Les géologues ont découvert le lien secret et ancien qui unissait le continent britannique à la France

Les géologues ont appris que, outre Laurentia et Avalonia, l'Armorique était la troisième masse terrestre impliquée dans la création du continent britannique.

Les géologues ont récemment découvert la vérité sur l’ancienne connexion entre le continent britannique et la France, et si l’on pensait auparavant que le continent britannique était le résultat d’une collision entre deux masses terrestres, on sait maintenant différentes masses terrestres qui ont causé sa création.

Selon le Université de PlymouthLes géologues pensaient autrefois que la formation de l’Angleterre, de l’Écosse et du pays de Galles était le résultat direct de la fusion des masses terrestres Laurentia et Avalonia au cours d’un processus qui s’est déroulé sur 400 millions d’années.
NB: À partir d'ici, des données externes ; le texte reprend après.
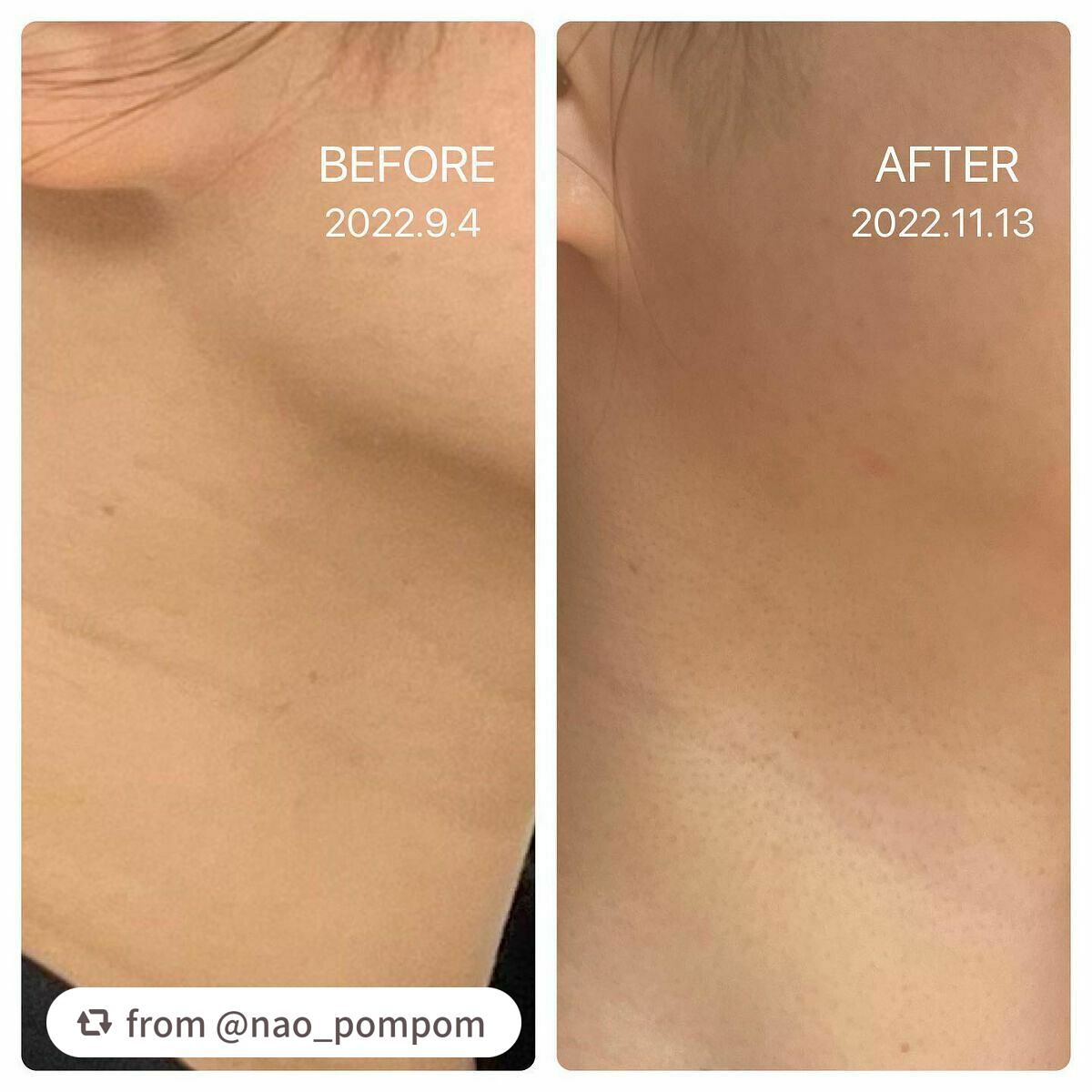 ネイチャーコンク 薬用リンクルケアジェルクリーム/ネイチャーコンク/オールインワン化粧品を使ったクチコミ(4枚目)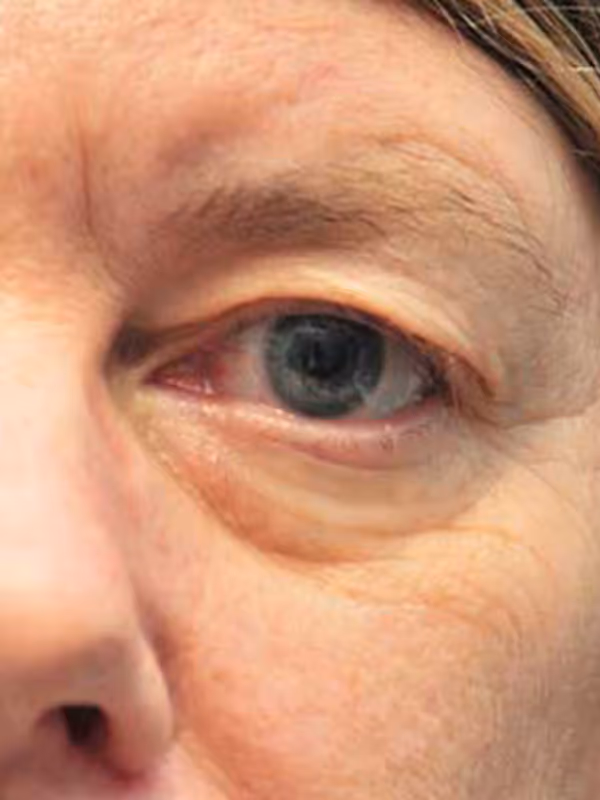 Eyelidlift10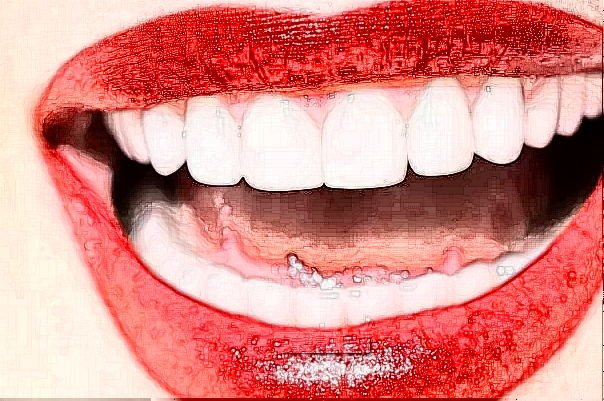 2024徐州医科大学附属医院烤瓷牙多少钱_医生名单推荐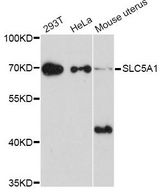 SLC5A1 / SGLT1 Antibody - Western blot analysis of extracts of various cell lines, using SLC5A1 Antibody at 1:1000 dilution. The secondary antibody used was an HRP Goat Anti-Rabbit IgG (H+L) at 1:10000 dilution. Lysates were loaded 25ug per lane and 3% nonfat dry milk in TBST was used for blocking. An ECL Kit was used for detection and the exposure time was 90s.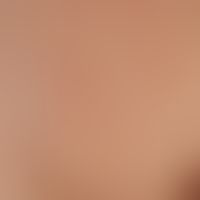 Nevus melnocytic halo Nevus breast_2.jpg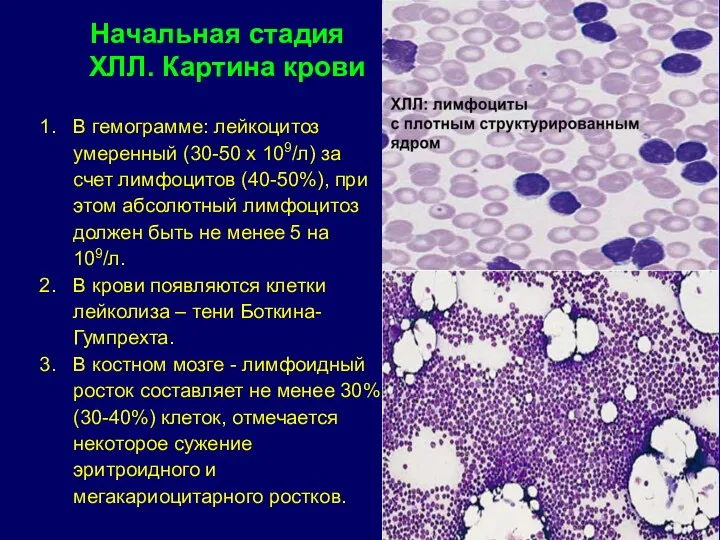 Начальная стадия ХЛЛ. Картина крови В гемограмме: лейкоцитоз умеренный (30-50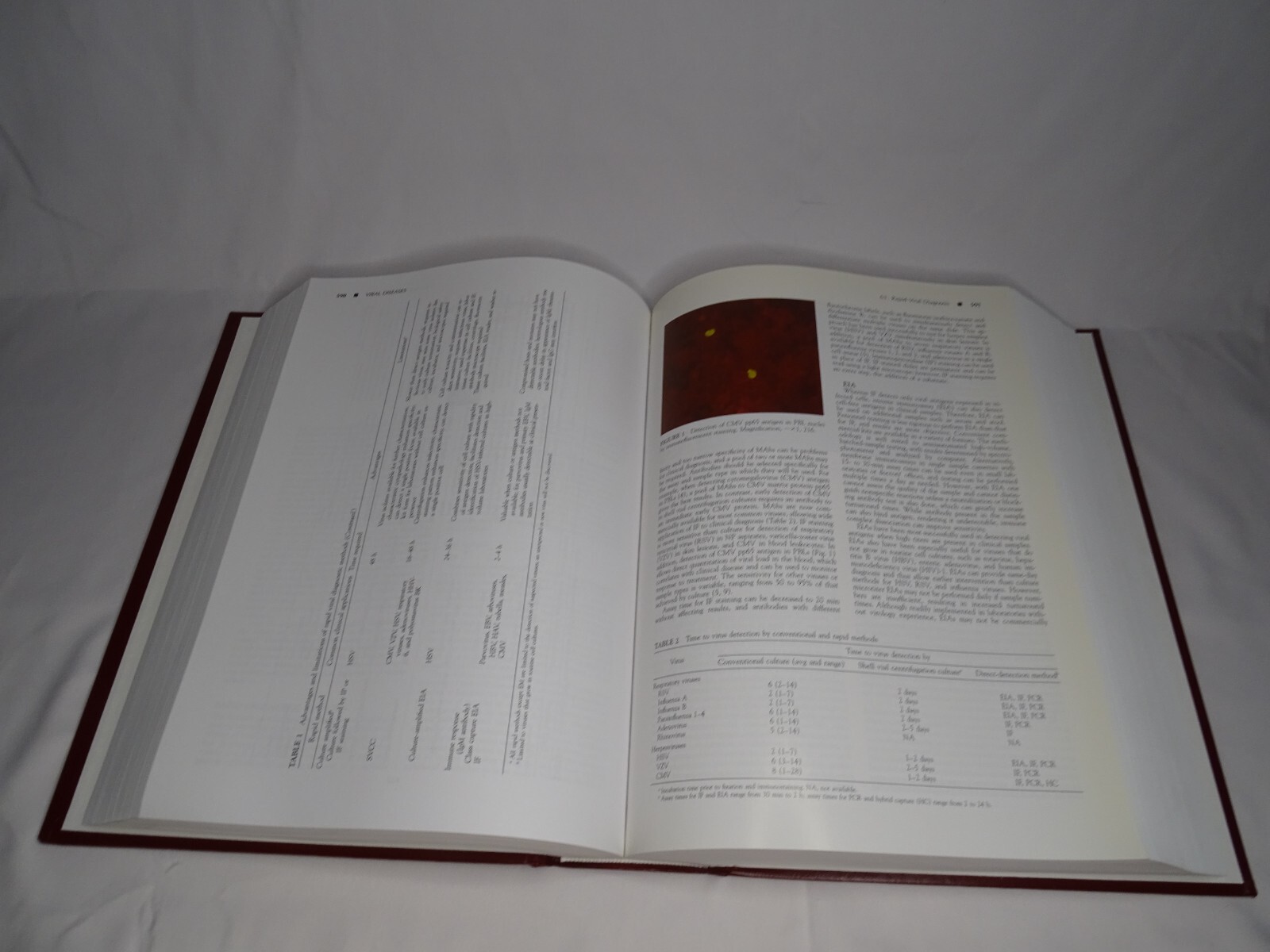 Manual of Clinical Laboratory Immunology by Noel R. Rose (2002 ...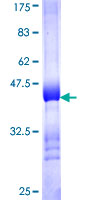 CIDEB Protein - 12.5% SDS-PAGE Stained with Coomassie Blue.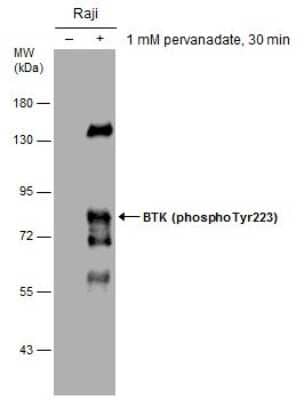 Western Blot: BTK [p Tyr223] Antibody [NBP3-12916]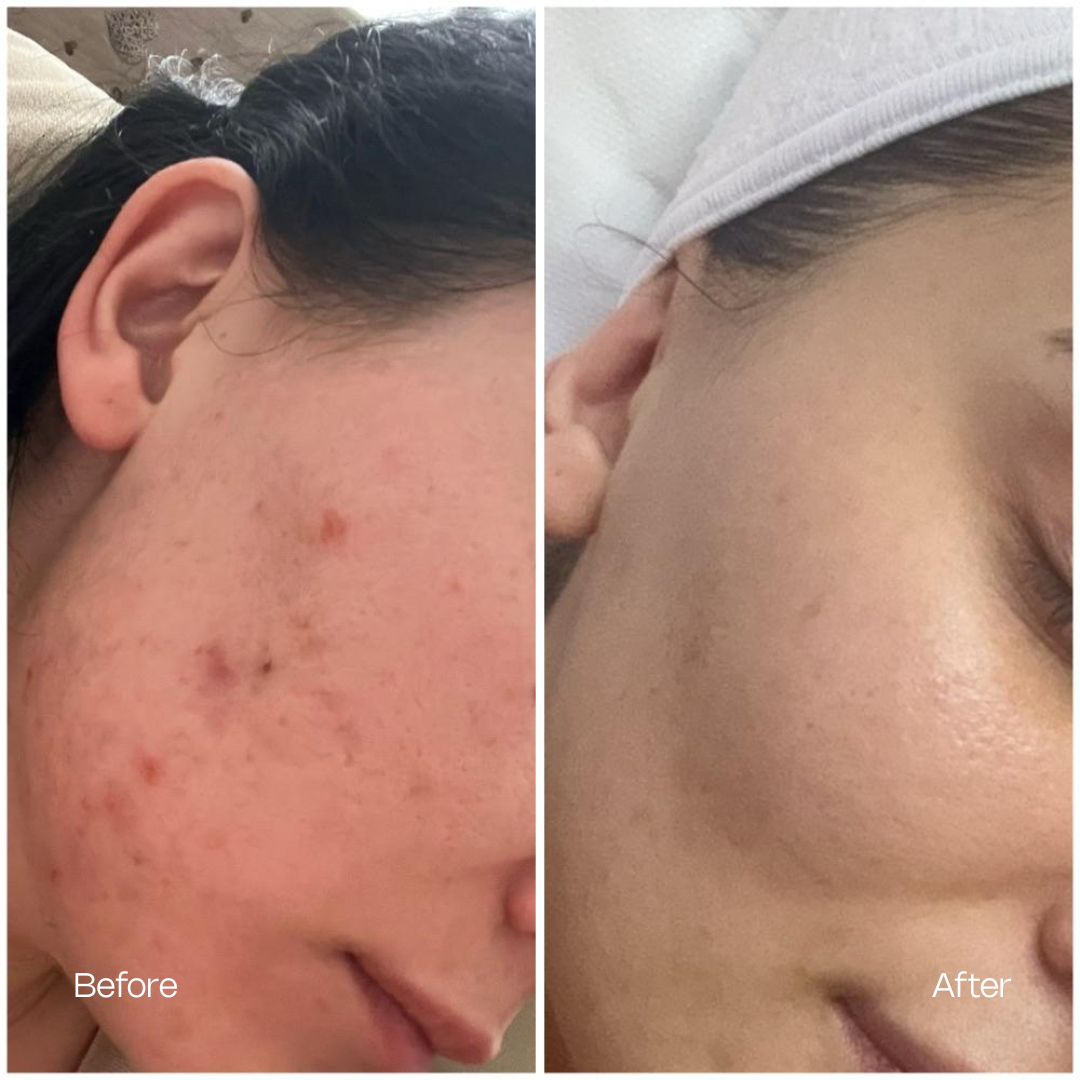 Dermapen 4 Result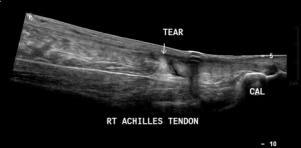 MUSCLE-APONEUROSIS TEAR Commonest site in the calf between the distal part of medial head of gastrocnemius and soleus muscle - Tennis leg Characteristic Pop Common in sports requiring jumps or speed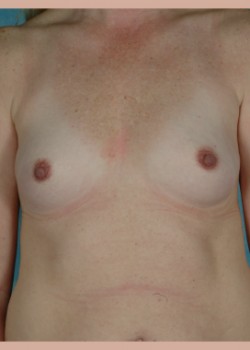 Breast Augmentation – Case 33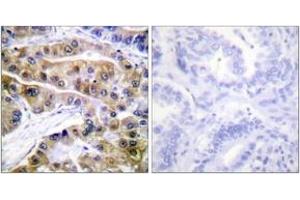 Immunohistochemistry (IHC) image for anti-Dynein, Axonemal, Heavy Chain 8 (DNAH8) (AA 5-54), (pSer16) antibody (ABIN1531300)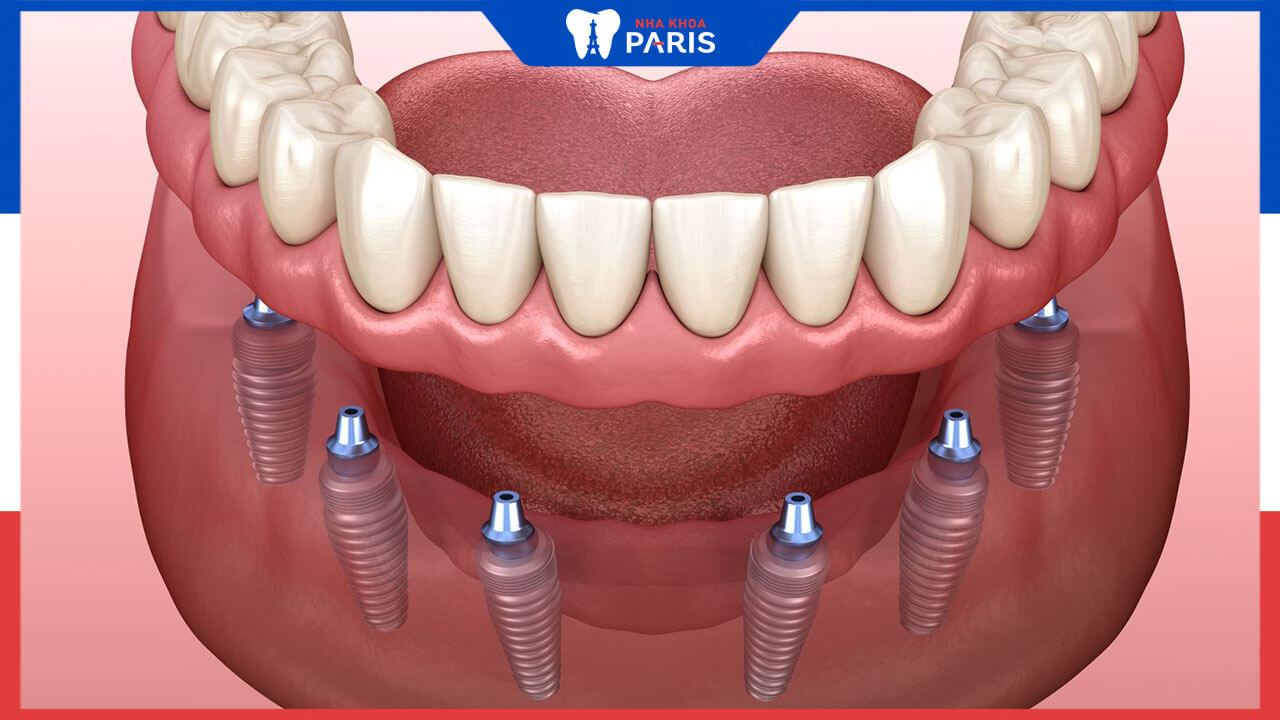 Trồng răng Implant All on 6 – Kỹ thuật phục hình toàn hàm hàng đầu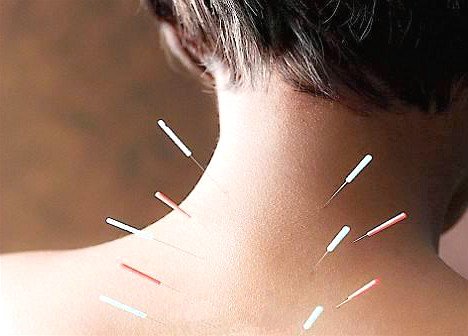 Experto/a MTC en acupuntura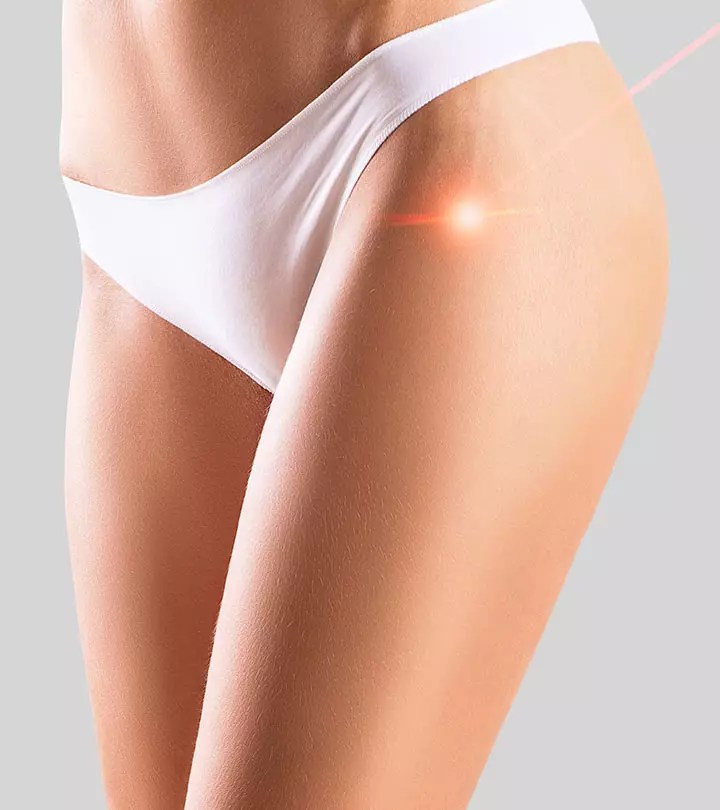 Laser Stretch Mark Removal: Types, Cost, And How It Works_image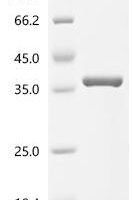 Escherichia coli Formamidopyrimidine-DNA glycosylase (mutM) Recombinant Protein - BioCrest Sci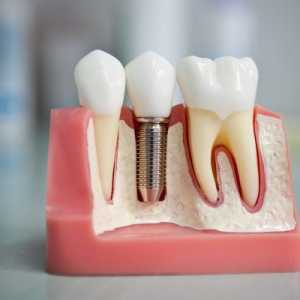 Příčiny a léčba edému po implantaci zubů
Mais les géologues de l'Université de Plymouth ont maintenant conclu qu'une troisième masse terrestre appelée Armorica est le chaînon manquant dans la création de la partie continentale britannique et la troisième masse terrestre impliquée dans ce processus.

Cela a grandement contribué à expliquer pourquoi il y a tant de tungstène et d'étain dans la région du sud-ouest de l'Angleterre, des métaux que l'on peut trouver en abondance dans des régions comme la Bretagne, mais pas autant dans d'autres régions du Royaume-Uni. .

Le principal auteur de la nouvelle étude, le Dr Arjan Dijkstra, a expliqué que, même s’il n’existait pas de lignes visibles, les Cornouailles et le sud du Devon sont très différents, géologiquement parlant, de n’importe où au Royaume-Uni.

«C'est une façon complètement nouvelle de penser à la manière dont la Grande-Bretagne a été créée. On a toujours supposé que la frontière entre Avalonia et Armorica était en dessous de ce qui semblerait être la frontière naturelle de la Manche. Mais nos résultats suggèrent que, bien qu’il n’y ait pas de ligne physique en surface, il existe une frontière géologique claire qui sépare la Cornouaille et le sud du Devon du reste du Royaume-Uni.

Dans le cadre de la recherche pour la nouvelle étude, les géologues ont trouvé 22 endroits différents dans les deux Cornouailles et en Angleterre qui ont souffert des événements comme des éruptions volcaniques. Bien que ces éruptions et autres événements géologiques se soient produits il y a plus de 300 millions d'habitants, ils ont laissé leurs empreintes de magma.

En utilisant la spectrométrie de fluorescence X (FRX) sur des échantillons de roches prélevés sur ces 22 sites, les géologues ont pu analyser le strontium et le néodyme des roches prélevées, ce qui a montré qu’il existait une frontière définie estuaire à Camelford.

Comme l’a noté le Dr Dijkstra, les liens entre l’Angleterre et la France se sont avérés encore plus forts qu’on le croyait auparavant.

«Nous avons toujours su qu'il y a environ 10 000 ans, vous auriez pu marcher d'Angleterre en France. Mais nos résultats montrent que des millions d’années auparavant, les liens entre les deux pays auraient été encore plus forts. Il explique l’immense richesse minérale du sud-ouest de l’Angleterre, jadis mystérieuse, et offre un nouvel aperçu fascinant de l’histoire géologique du Royaume-Uni. »

La nouvelle étude qui montre la connexion qui relie le continent britannique à la France a été publiée dans Communications Nature.